To all of your who faithfully support me in prayer and finacially:
I just wanted to show you a day in the life of an Honor Academy intern:



Thursday, January 29, 2009

I got the Joy.

Sometimes it almost creeps me out how quickly God answers prayers around here. But creeped out isn’t the right word, it amazes me. Here are a few examples: yesterday I was just having the worst day. Everything was getting to me and I just wanted to have a friend come hug me and let me cry. So many were on my heart and I just felt so alone because no one here really understands me. I mean Jesus does and Jesus is here. But anyways! I was writing in my journal about how sad I was and how my heart felt like it was breaking for this generation. And I just wanted to be hugged and then I had to go to Wed night service. Well God has placed it on Mr. Hasz’s heart to encourage the interns. I mean it was a breathe of fresh air. He just told us how God is smiling at because he are living a life pleasing to Him. We threw off everything that slows us down and are running after God. Then we sang “the enemy’s been defeated. Death couldn’t hold you down, gunna life our voice in victory gunna make your praises loud. Shout unto God with a voice of triumph, Shout onto God with a voice of praise” and it just hit me. The Joy of the Lord. We serve an awesome God. Truly nothing is above him. And yet he cares enough about each one of us to know every detail of our lives. I mean these are simple truths but it hit me. I had a break trough. Not even death, hell, and the grave could keep him. And he loves ME! Anyways now I am babbling, but I am so blessed. I have so much joy knowing Jesus. I could really go on and on and on. But I won’t.

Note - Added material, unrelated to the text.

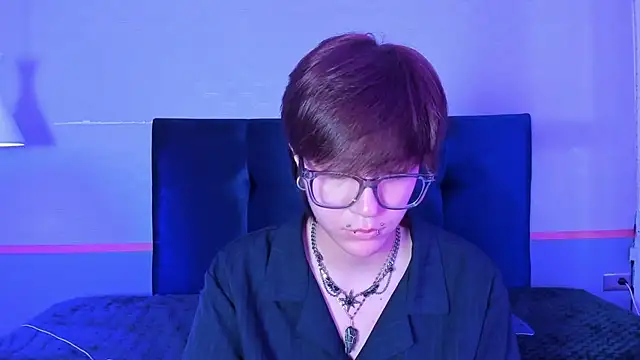 Tsuki Maru online show from February 18, 2026, 9:00 pm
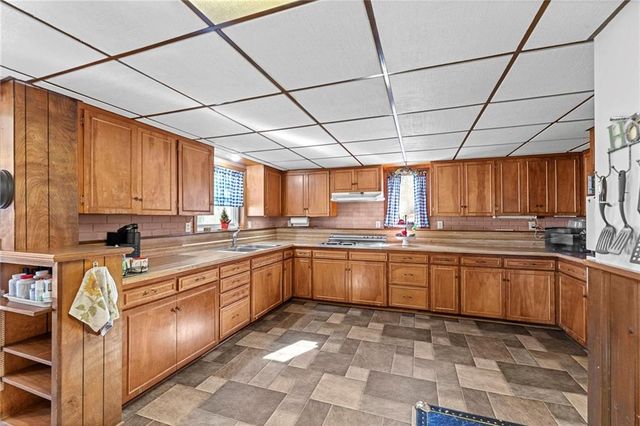 29870 Lookout Road, Paola, KS 66071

Also this morning in 360 (women’s bible study basically) I wrote down on my notebook “I want to learn to pray for others, make me a prayer warrior” well then this morning I got an email called “Prayer Warriors” I mean just crazy things like that happen all the time here. Now I still can not wait to go home but I am so excited that I am here and I am learning about God and He is changing me and filling me with His love and joy. And I just can not wait to pour it out again. I have a long long way to go though.


Anyways thank you guys for praying for me, God is hearing you!! Keep praying and pray for my friend Chase is in serious financial trouble, he might get sent home b/c of money issues. I know God wants him here please just pray that God will give him the money.

Wednesday, January 28, 2009

Hug?

What I would do to hug someone from home right now.

Tuesday, January 27, 2009

Good Morning

Good Morning everyone
it is Tuesday the 27th. I have not been on here in a little while because I just have not had the time or the energy. this past weekend was the mountain LTE (Life Transforming Event). It was quite the experiance. we spent over half the time on the bus. because first our bus was bucking like a bronco than it just shut off. so we had to wait for 2 hours for another bus to come. then we drove until 2 the next day to the other side of the state. had camp, went hiking, had a worship service under the stars. which would have been way cooler had i known the songs. then bed at 9 and up at 4.
we hiked all day. to the highest point in Texas. it was really pretty. then we walked half way down and up again to the South Rim.oh my goodness it was gorgeous. just mountains as far as the eye could see. it was intense. someone was playing worship music and it just kind of hit me how BIG God is. the Mountains melt like wax before the Lord. My savior he can MOVE THE MOUNTAINS. that is amazing.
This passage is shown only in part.